I'm not alleging collusion, I don't believe there is any active collusion at all. These things are possible through just incentives. E.g. consider a hypothetical streaming providor; compute is cheaper by the year, cost of owning your datacenter goes down by the year, your customer base grows by the year, the amount of money you return on investments like productions continues to pay out by the year, yet your shareholders expect you to raise prices by the year as well despite productivity increasing, customer reach widening, and your costs lowering. Imagine a CEO arguing they don't need to raise prices like the board wants in order to see a bump in the speculative markets on their investments, they'd just sack that CEO for someone who will.

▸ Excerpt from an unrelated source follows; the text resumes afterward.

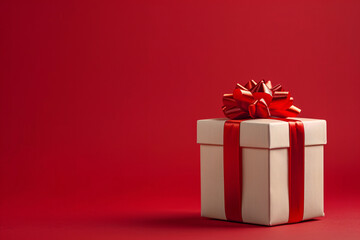 White gift box with red ribbon on red background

That's just for the hypothetical streaming agency. When you add up all these little increases of just about every good and compare that to wage growth, you see that wages are stagnating relative to other metrics like cost of living or business/national productivity, in the US or the UK or just about anywhere with these sort of metrics available. You can raise minimum wages to fend of a total economic collapse every now and then but these increases find their way to these other hands reaching into your pocket before long as well. A constant sucking noise and a march to what, I'm not sure, but it won't be pretty I expect.

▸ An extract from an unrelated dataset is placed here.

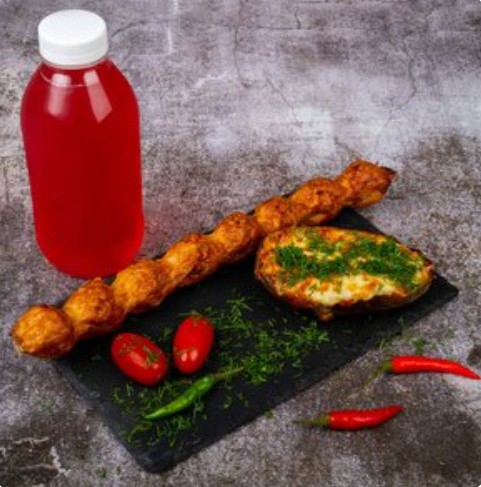 Люля курица + морс + картошка из печи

When electric utilities were tightly regulated, utility stocks were rated on the size and consistency of their dividends. PG&E was a great stock to own for a century. The stock price didn't go up fast, but the dividends were paid consistently. That's the steady state of a mature company.

Then came deregulation. Within five years, PG&E went bankrupt.[1]

[1] https://en.wikipedia.org/wiki/2000%E2%80%932001_California_e...


> Then came deregulation. Within five years, PG&E went bankrupt.[1]

It's not like deregulation was the only issue, that just accelerated the bullshit. PG&E had neglected ("deferred") maintenance for many decades - the deadly 2018 wildfire was caused by a cable hook that was around a century old and had never been inspected for a very VERY long time until it eventually failed [1]. IMHO, that amount of maintenance neglect should have been classified as financial fraud:

> PG&E has said in recent court filings it didn’t track when its hooks were installed or how long they had been exposed to weather. It also didn’t routinely inspect them to look for corrosion or wear. Before the Camp Fire, PG&E inspection forms didn’t even include space to note the condition of hooks and other hardware.

How PG&E dared to pay dividends when they didn't even know how much liabilities they had on the books, that is just utterly insane.

[1] https://www.wsj.com/articles/this-old-metal-hook-could-deter...


> they aren't all colluding

The world is mostly inhabited by people who work for a living but mostly run by people who own things for a living.

These two sources of income (or capital gains -- heaven forbid we tax our rich like we tax our plebs) lead to highly distinct and often directly opposed objective functions. The extent to which this leads to a self-serving policy spiral for the rich is a function of the degree to which the inhabited-by/run-by distinction is true: with a steep enough wealth distribution, yeah, it's fair for people at the bottom to say that people at the top actually are all colluding.

The self-serving policy spiral doesn't look like "Lidl hikes prices and Tesco doesn't, so you can just shop at Tesco," it looks like "merger approved between Lidl and Tesco, now listen to the surviving PR department tell you how this will surely save you money."


Ok so gp was talking about businesses. You are talking about the fact that money is power which is a fundamental problem, though a different one. Not sure how to solve it but stronger controls on political donations and lobbying would help.